LLaMA-Factory Reward Model 推理

Reminder

[x] I have read the above rules and searched the existing issues.

System Info

有没有具体的 reward model 在训练完成后的推理的示例。需要什么样的数据，用哪个指令可以进行rm的推理？我现在将lora模型加载后，计算的score不知道是不是正确。

Reproduction

model = Qwen2_5_VLForConditionalGeneration.from_pretrained(model_path_merge_rm, device_map="cpu")
model = AutoModelForCausalLMWithValueHead.from_pretrained(model)
vhead_params = load_valuehead_params(vhead_file)
model.load_state_dict(vhead_params, strict=False)

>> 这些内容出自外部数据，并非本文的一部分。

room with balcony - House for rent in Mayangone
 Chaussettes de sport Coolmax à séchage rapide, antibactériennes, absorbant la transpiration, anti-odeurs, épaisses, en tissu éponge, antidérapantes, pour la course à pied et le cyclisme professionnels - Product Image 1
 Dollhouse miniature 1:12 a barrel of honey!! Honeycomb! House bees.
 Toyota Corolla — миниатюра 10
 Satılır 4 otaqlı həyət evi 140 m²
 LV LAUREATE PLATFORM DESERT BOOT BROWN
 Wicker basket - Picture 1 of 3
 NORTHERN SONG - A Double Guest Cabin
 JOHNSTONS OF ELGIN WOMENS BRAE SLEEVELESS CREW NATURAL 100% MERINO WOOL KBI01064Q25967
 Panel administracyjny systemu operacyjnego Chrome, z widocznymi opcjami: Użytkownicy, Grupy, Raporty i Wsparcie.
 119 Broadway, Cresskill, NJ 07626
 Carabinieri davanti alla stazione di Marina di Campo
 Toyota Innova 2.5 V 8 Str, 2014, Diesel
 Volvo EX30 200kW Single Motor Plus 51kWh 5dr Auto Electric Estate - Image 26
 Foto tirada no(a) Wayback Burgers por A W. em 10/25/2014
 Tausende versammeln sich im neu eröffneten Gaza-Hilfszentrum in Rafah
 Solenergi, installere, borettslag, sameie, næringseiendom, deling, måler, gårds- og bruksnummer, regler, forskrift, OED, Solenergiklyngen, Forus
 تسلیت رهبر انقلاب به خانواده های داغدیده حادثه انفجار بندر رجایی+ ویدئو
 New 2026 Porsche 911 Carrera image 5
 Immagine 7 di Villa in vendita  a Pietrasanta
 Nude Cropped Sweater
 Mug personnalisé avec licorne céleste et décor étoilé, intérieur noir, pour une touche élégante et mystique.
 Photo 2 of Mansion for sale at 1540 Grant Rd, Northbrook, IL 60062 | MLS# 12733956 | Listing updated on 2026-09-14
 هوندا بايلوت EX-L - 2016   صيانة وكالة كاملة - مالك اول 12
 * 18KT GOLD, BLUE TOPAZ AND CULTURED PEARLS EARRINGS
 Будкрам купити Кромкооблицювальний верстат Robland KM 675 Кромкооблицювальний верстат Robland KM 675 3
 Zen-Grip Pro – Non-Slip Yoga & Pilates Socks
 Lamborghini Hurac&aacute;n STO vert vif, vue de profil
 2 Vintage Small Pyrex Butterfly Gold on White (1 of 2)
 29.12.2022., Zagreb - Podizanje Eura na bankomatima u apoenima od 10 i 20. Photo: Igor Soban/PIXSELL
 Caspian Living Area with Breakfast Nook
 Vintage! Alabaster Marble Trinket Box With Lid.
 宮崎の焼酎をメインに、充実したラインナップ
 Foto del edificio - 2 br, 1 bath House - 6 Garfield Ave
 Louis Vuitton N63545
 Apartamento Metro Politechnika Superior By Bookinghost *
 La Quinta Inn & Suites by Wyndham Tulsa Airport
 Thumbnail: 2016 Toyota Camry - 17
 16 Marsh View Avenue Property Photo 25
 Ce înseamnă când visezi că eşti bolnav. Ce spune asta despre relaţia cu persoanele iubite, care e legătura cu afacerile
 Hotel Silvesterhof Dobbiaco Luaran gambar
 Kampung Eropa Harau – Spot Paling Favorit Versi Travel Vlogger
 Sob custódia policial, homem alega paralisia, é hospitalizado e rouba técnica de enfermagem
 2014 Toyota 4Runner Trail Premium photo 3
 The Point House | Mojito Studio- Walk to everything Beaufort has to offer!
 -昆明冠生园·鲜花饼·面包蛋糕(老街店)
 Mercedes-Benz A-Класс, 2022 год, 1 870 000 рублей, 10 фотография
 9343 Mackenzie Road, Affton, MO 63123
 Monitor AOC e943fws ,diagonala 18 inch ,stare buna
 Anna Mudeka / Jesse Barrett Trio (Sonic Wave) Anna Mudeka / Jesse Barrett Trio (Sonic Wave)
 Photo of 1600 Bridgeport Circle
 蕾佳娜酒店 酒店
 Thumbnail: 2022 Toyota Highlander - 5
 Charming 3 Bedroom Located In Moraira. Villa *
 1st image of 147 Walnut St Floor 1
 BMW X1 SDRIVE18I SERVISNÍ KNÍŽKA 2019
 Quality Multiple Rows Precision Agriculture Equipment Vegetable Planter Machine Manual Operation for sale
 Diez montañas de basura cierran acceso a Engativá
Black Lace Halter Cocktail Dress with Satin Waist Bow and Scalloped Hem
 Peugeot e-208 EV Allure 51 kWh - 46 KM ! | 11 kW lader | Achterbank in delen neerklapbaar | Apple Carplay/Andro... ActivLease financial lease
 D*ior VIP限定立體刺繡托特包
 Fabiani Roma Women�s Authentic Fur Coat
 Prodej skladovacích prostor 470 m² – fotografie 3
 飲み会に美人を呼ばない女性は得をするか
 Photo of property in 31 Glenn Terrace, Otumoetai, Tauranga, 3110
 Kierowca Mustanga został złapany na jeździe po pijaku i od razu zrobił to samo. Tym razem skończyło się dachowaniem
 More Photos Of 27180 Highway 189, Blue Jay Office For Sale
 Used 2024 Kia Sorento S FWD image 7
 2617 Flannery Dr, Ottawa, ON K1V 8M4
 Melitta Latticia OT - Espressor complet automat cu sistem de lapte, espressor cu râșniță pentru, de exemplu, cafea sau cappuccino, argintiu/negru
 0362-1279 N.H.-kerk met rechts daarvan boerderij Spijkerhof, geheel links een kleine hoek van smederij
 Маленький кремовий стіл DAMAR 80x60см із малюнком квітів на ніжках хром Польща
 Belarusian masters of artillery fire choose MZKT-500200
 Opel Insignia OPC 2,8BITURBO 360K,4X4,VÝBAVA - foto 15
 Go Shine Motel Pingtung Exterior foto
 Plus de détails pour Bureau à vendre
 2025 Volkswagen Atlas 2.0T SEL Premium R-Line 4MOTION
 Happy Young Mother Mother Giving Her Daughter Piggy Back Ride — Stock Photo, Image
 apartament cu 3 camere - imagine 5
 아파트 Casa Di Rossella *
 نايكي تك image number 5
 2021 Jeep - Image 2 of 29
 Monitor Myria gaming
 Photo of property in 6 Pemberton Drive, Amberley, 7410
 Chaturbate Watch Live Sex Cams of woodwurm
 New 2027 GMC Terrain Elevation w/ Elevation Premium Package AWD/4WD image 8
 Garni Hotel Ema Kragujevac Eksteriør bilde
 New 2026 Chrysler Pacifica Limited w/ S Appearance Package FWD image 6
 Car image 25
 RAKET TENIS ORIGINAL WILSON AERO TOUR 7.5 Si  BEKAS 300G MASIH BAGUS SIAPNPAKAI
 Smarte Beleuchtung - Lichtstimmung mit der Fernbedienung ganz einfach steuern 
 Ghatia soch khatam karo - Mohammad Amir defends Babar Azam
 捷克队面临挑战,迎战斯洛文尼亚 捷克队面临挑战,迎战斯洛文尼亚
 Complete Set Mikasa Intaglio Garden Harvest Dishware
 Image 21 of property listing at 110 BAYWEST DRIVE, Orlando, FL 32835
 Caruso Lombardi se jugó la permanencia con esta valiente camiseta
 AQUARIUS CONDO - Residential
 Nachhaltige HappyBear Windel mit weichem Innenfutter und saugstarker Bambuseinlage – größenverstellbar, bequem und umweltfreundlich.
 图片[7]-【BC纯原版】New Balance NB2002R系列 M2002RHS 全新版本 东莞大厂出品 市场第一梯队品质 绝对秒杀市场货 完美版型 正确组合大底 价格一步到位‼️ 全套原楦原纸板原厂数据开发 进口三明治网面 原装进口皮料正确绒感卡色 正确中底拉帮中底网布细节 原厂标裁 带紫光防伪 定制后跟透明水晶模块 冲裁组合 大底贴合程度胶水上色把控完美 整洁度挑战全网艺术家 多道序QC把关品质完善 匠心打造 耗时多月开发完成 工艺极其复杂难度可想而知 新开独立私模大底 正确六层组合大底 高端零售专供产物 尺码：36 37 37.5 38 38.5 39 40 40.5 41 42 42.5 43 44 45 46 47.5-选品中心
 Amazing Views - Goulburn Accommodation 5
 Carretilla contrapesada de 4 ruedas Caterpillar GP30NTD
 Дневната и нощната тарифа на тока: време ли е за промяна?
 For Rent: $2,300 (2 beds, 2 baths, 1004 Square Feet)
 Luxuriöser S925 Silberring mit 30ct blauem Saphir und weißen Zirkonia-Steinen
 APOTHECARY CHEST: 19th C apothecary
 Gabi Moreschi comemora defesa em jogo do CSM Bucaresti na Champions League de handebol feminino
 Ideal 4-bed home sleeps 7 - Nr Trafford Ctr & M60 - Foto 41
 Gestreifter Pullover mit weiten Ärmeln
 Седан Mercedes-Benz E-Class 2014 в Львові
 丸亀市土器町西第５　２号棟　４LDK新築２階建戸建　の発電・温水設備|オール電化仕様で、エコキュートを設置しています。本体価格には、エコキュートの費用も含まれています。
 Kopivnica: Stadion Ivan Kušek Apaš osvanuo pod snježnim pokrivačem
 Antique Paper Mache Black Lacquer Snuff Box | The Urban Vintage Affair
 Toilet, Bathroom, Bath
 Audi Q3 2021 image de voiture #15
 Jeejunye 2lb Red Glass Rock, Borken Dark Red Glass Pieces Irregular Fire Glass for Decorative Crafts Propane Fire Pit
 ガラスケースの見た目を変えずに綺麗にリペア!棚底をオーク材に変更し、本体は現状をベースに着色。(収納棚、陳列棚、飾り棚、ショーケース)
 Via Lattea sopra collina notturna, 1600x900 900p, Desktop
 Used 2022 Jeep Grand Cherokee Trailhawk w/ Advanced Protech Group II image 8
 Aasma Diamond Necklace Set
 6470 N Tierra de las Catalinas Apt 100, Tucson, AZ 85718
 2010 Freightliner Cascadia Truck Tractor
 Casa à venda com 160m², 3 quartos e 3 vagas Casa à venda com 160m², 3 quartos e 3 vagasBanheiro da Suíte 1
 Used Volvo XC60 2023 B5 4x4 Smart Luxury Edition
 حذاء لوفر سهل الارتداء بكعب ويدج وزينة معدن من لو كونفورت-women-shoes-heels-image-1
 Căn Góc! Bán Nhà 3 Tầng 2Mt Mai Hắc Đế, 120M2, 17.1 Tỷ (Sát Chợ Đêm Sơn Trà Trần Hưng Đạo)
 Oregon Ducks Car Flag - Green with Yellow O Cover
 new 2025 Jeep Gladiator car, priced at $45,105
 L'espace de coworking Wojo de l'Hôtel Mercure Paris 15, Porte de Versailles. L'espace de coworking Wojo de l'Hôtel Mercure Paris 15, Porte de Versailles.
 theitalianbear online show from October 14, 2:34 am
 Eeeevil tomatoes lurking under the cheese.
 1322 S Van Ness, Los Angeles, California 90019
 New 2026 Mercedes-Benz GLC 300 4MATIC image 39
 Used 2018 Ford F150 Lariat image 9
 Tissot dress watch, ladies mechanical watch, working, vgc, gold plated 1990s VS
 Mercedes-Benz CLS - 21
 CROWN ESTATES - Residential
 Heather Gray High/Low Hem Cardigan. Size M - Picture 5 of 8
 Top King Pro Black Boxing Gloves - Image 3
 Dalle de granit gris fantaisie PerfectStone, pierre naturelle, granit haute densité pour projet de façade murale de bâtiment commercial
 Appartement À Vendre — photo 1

_, _, values = model(**inputs, output_hidden_states=True, return_dict=True, use_cache=False)
rewards = values.gather(dim=-1, index=(inputs["attention_mask"].sum(dim=-1, keepdim=True) - 1))

Others

No response

Mar 07 '25 12:03 SFTJBD

是不是可以直接使用values[0][-1]？

Mar 17 '25 04:03 LLLeoLi

我还想知道怎么用vllm部署推理加速

Apr 08 '25 06:04 QUNING1

解决了吗

Jul 16 '25 02:07 lzp-man

请问方便提供一下完整的reward model推理代码吗，我也有同样的问题

Aug 07 '25 09:08 jinzhuoran